Let's have a set ${{D}_{l}}\subseteq \mathbb{Q}$. We call it a Dedekind cut (a lower set) if four criteria are met:
- ${{D}_{l}}\ne \varnothing $;
- ${{D}_{l}}\ne \mathbb{Q}$;
- $\forall x,y\left( x\in {{D}_{l}}\wedge y\in \mathbb{Q}\wedge x\ge y\implies y\in {{D}_{l}} \right)$;
- $\forall x\left( x\in {{D}_{l}}\implies \exists y\left( y\in {{D}_{l}}\wedge x<y \right) \right)$.
We define an upper set ${{D}_{u}}\subseteq \mathbb{Q}$ analogously:
- ${{D}_{u}}\ne \varnothing $;
- ${{D}_{u}}\ne \mathbb{Q}$;
- $\forall x,y\left( x\in {{D}_{u}}\wedge y\in \mathbb{Q}\wedge x\le y\implies y\in {{D}_{u}} \right)$;
- $\forall x\left( x\in {{D}_{u}}\implies \exists y\left( y\in {{D}_{u}}\wedge x>y \right) \right)$.
Given a set ${{D}_{l}}$, how to formally prove that the set $\mathbb{Q}-{{D}_{l}}$ is definitely NOT a Dedekind cut (an upper set)? Of course, I know that the set ${{D}_{l}}$ doesn't contain the largest element, whereas the set $\mathbb{Q}-{{D}_{l}}$ does contain the smallest element but I'm struggling to prove this obvious fact.
EDIT: Just to clarify, the number represented by the cut is supposed to be rational.
In the set ${\mathbb R}$ of all Dedekind cuts some cuts are special, insofar their lower part is of the form $$D_l:=\bigl\{x\in{\mathbb Q}\bigm| x<a\bigr\}\tag{1}$$ for a certain rational number $a\in{\mathbb Q}$. These special cuts of course give an embedding of ${\mathbb Q}$ into ${\mathbb R}$, and the cuts then are called rational.

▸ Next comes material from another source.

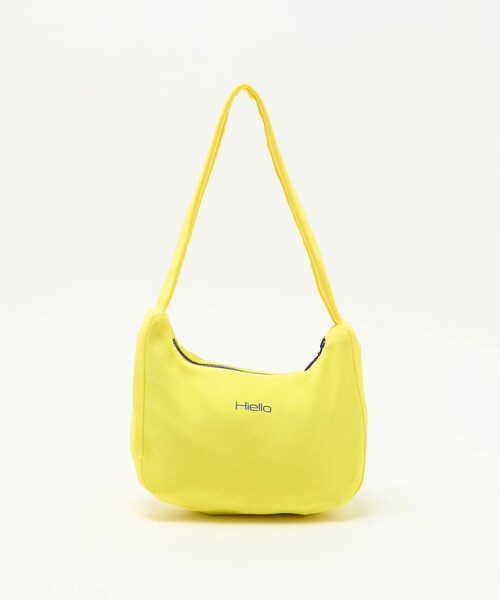 California General Store(California General Store)の「<HIELLO>THE SWIMMER ショルダーバッグ/ウィメンズ(ショルダーバッグ・レディース・パープル/イエロー/ピンク/ロイヤルブルー・FREE)」の4枚目の写真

When $D_l$ is given by $(1)$ then $a\in{\mathbb Q}\setminus D_l=:D_r$. The number $a$ is in fact the minimal element of $D_r$. Note that according to the order axioms each $y\in{\mathbb Q}$ satisfies exactly one of the relations $$y<a,\quad y=a,\quad y>a\ .$$ By $(1)$ one has $y\in D_l$ iff $y<a$, hence $y\in D_r$ iff $(y=a)\vee(y>a)$.